Following the announcement of the GLOBE and GUARD models, Pharmaceutical Research and Manufacturers of America, or PhRMA, a professional association representing biopharmaceutical research companies, issued a statement opposing both, arguing that they would “increase costs for America’s seniors” and “siphon billions from U.S. medicine R&D [research and development].”
The proposed rules acknowledge uncertainty about whether manufacturers may respond to the models by adjusting pricing across other payers or changing payment strategies for covered drugs, and the potential for downstream effects on Medicare Advantage and Part D benefits. CMS invites public comment on these and other concerns and proposes to monitor for anticipated changes in industry behavior as part of ongoing model evaluation.
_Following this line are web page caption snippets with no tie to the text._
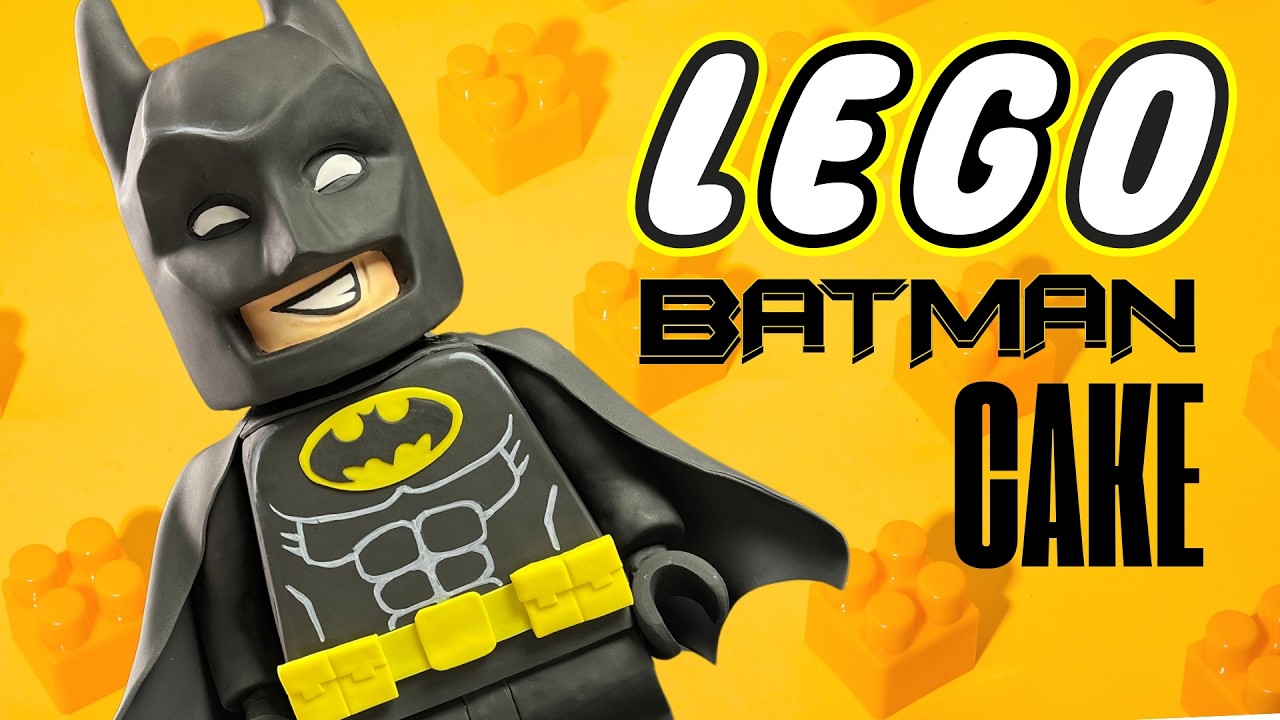 How to Make a GIANT 3D Lego Batman Cake That Wows! 🦇🎂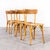 French Blonde Bentwood Kick Leg Dining Chair from Baumann, 1950s For Sale - Image 14 of 15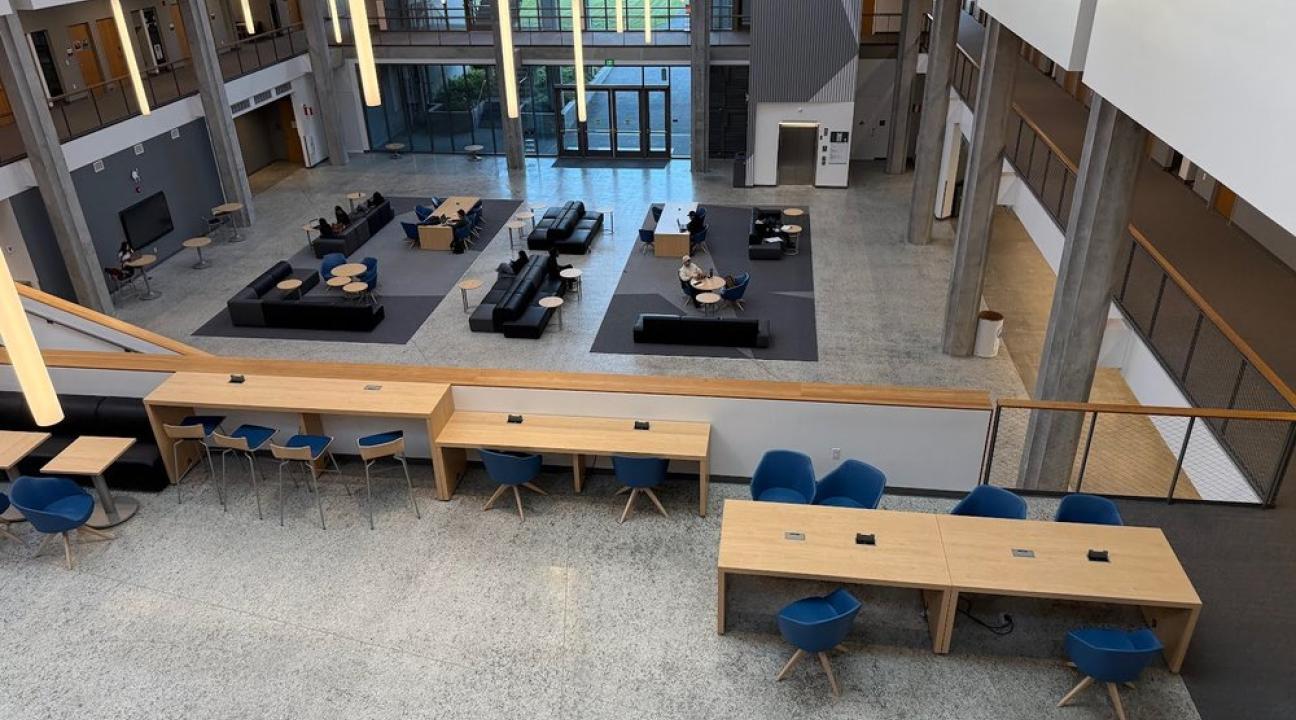 Photo of the new Stevenson Hall, first floor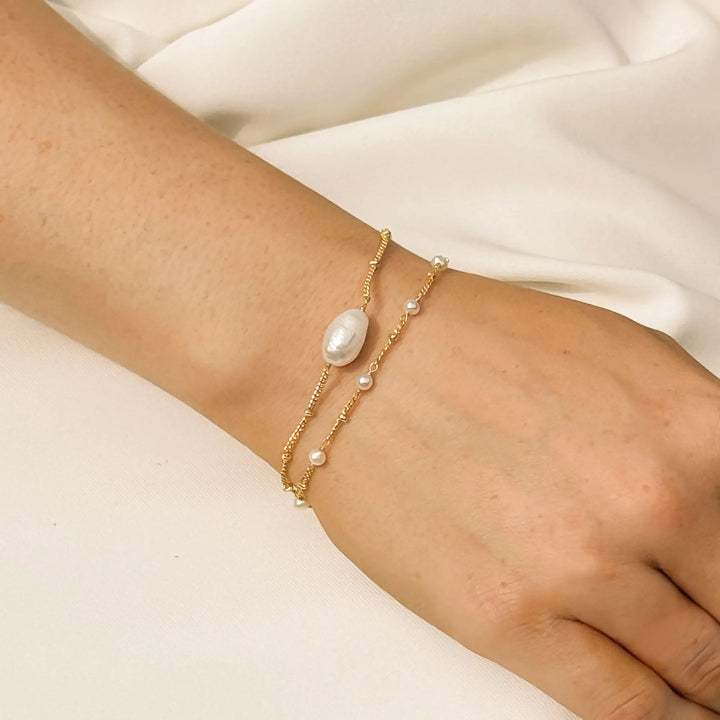 BRACELET SAINTE-LUCIE – PERLE BAROQUE OR OU ARGENT Ivory and co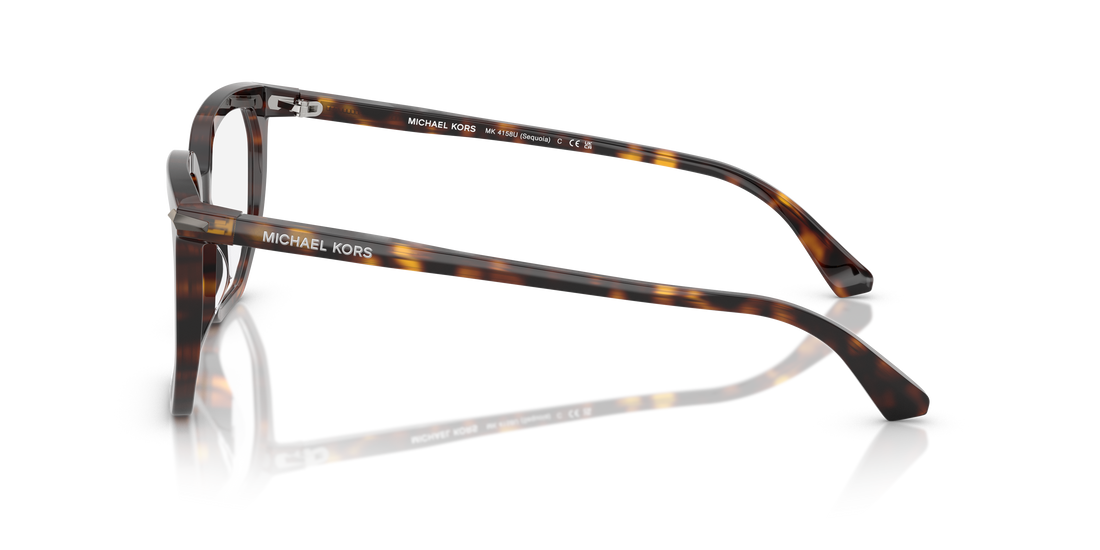 Lunettes de vue michael kors mk4158u sequoia 3006 havana irregular masculino taille 55mm - Vue détaillée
CMS has provided estimates of the savings from these models, with the acknowledgement that they are based on broad assumptions about industry response. The agency estimates that, over the life of the GLOBE model, it will result in net savings of $11.9 billion for Medicare and an additional $1 billion for Medicaid, and it will reduce Medicare beneficiaries’ overall out-of-pocket spending by $6.2 billion. CMS estimates that the GUARD model will result in net savings to Medicare of $14.1 billion, while potentially increasing beneficiaries’ costs by $3.6 billion.